Spasticity is a common condition in patients with Multiple Sclerosis (PwMS): in a Spanish survey, 65.7% of interviewed PwMS reported spasticity, and 40% of them rated their symptoms as moderate or severe. Patient with Relapsing-Remitting Multiple Sclerosis (RRMS) were more frequently affected by spasticity, whereas the patients reporting more severe symptoms were predominantly patients with Progressive Multiple Sclerosis (PMS) [3]. MS-related spasticity has a great impact on Quality of Life (QoL), as demonstrated in the cross-sectional burden of disease German study MOVE-12, which found that patients with severe spasticity had a greater impairment in both QoL and activity of daily life (ADL) scales in comparison with patients with mild spasticity [4]. The degree of spasticity has also been strongly related to reduced quality-adjusted life years (QALY) and higher direct nonmedical costs [5]. The multicentre Spanish epidemiological study CANDLE [6] confirmed the significant impact of spasticity on QoL, in particular on physical and general health scores on the SF-12 QoL questionnaire, and highlighted the difference in the rating of spasticity between patients' self-reported NRS spasticity scale and physician-reported modified Ashworth Scale (mAS). In the CANDLE study, more than 70% of patients complained moderate or severe spasticity, despite being treated with first- or second-line therapies. Taken together, those data show that the burden of spasticity is a relevant issue in PwMS: spasticity is a major contributor to the reduction in QoL, and it often represents a severe and not well-treated symptom.
A recent consensus paper has been proposed in order to achieve an evidence-based therapeutic management of spasticity in PwMS [7], and the authors provided a treatment algorithm based on the severity and on type of spasticity, focal or generalized. Those guidelines represent an update to the previous ones proposed in Spain and Germany (as reviewed in [8]). Generalized spasticity should be initially treated with oral antispastic agents [9] (such as baclofen, gabapentin, tizanidine as first choice, diazepam and dantrolene as a second choice). Nabiximols [10], a THC-CBD-based oral spray, is suggested as an add-on treatment in case of failure of first line oral therapies. Selected cases of unresponsive patients may be screened with an intrathecal baclofen test to evaluate the possible efficacy of intrathecal baclofen pump implant [11, 12]. In focal spasticity of lower limbs, treatment with botulinum toxin injection (BTI), associated with physical therapy, is recommended [13,14,15]. Otero-Romero and colleagues, besides providing a practical therapeutic algorithm, raised concern about the methodological issues that affect most of the evidences provided in literature: many studies have a small sample size, short follow-up duration and a marked heterogeneity in patients. Spasticity and its burden are also difficult to quantify and to define: patients' reported symptoms and their severity often do not correspond to the objective neurological assessment. Overall, the methodological quality of those studies is poor, and there is a great discrepancy between published evidence and everyday clinical practice in MS centres.

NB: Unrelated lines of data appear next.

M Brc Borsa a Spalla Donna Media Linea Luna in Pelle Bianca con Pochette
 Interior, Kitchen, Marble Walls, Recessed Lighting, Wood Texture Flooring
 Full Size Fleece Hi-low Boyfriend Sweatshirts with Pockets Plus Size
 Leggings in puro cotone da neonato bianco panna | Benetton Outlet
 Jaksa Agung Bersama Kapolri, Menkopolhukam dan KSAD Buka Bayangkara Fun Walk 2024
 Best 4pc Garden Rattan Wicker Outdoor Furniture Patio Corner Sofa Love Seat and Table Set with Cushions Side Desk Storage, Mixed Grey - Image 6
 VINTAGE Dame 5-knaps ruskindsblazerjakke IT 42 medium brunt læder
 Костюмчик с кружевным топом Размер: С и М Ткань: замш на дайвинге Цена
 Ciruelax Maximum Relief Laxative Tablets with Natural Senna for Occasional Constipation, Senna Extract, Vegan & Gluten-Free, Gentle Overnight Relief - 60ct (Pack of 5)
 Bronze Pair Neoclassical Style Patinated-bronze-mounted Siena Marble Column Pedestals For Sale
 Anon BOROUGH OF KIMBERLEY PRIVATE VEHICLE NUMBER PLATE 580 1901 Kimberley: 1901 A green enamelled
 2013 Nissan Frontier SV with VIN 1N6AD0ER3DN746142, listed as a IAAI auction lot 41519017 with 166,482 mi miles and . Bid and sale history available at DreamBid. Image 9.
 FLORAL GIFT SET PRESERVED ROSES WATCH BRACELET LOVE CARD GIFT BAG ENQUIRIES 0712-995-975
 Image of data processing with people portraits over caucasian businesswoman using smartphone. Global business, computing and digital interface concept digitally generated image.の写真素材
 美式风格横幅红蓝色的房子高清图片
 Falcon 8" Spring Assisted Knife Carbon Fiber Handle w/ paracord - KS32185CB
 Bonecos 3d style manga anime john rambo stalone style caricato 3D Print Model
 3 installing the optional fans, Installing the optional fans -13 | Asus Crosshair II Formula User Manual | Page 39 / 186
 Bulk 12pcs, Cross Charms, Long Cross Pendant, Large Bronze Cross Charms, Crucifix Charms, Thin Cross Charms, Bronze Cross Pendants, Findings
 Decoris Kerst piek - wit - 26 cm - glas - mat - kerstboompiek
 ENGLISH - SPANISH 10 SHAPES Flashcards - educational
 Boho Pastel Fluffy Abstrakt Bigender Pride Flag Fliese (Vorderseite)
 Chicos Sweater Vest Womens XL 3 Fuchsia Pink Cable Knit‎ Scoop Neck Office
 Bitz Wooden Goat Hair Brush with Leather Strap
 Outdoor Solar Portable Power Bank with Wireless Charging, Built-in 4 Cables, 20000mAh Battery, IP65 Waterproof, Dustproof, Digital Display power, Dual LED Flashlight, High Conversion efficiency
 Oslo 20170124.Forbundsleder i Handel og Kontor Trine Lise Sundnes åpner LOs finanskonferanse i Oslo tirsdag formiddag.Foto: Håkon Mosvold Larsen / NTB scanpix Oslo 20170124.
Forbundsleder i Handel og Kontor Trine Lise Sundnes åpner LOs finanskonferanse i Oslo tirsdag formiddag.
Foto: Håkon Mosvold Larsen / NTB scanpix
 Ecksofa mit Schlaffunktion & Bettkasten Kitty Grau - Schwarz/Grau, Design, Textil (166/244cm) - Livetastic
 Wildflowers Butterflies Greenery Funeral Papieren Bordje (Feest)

In order to evaluate efficacy and tolerability of spasticity management in a real-life setting, we conducted a single-centre retrospective study considering treatments with nabiximols, BTI or both in PwMS.
Materials and methods
In our retrospective single-centre study, we reviewed the medical records of PwMS of our MS centre (Neurology Unit, University of Trieste), treated with BTI (onabotulinum toxin-A ONA, Botox® or incobotulinum toxin A INCO, Xeomin®) and/or nabiximols, from July 2015 to July 2019. The aim of our study was to evaluate the clinical characteristics of the treated patients, tolerability and efficacy of treatments on spasticity and spasms.
We collected the following clinical and demographic data: (1) gender, (2) age, (3) disease duration, (4) expanded disability status scale (EDSS), (5) disease course, (6) type of spasticity, (7) concomitant symptomatic treatment for spasticity and concomitant disease-modifying drugs (DMDs).
Modified Ashworth Scale (mAS) and Penn Spasm Frequency Scale (PSFS) were used, at baseline and 1 month after the beginning of treatment, in order to evaluate the severity of spasticity and spasms, respectively. We recorded the dose of BTI, expressed in Units (U) and the dose of nabiximols, expressed in number of puffs per day.
Patients who dropped out from treatment were categorized according to inefficacy of treatment, side effects or both.
To evaluate the efficacy of each treatment (BTI, nabiximols), we compared baseline and follow-up scores (mAS, PSFS) within each treatment group. In order to compare the two treatments, we compared delta mAS and PSFS, defined as the difference between follow-up and baseline values of mAS and PSFS scores, between the two treatment groups.
We collected clinical and demographic data of patients treated with both BTI and nabiximols. Patients were categorized according to the first treatment received (BTI or nabiximols).
Statistical analysis was performed with IBM SPSS 24.0.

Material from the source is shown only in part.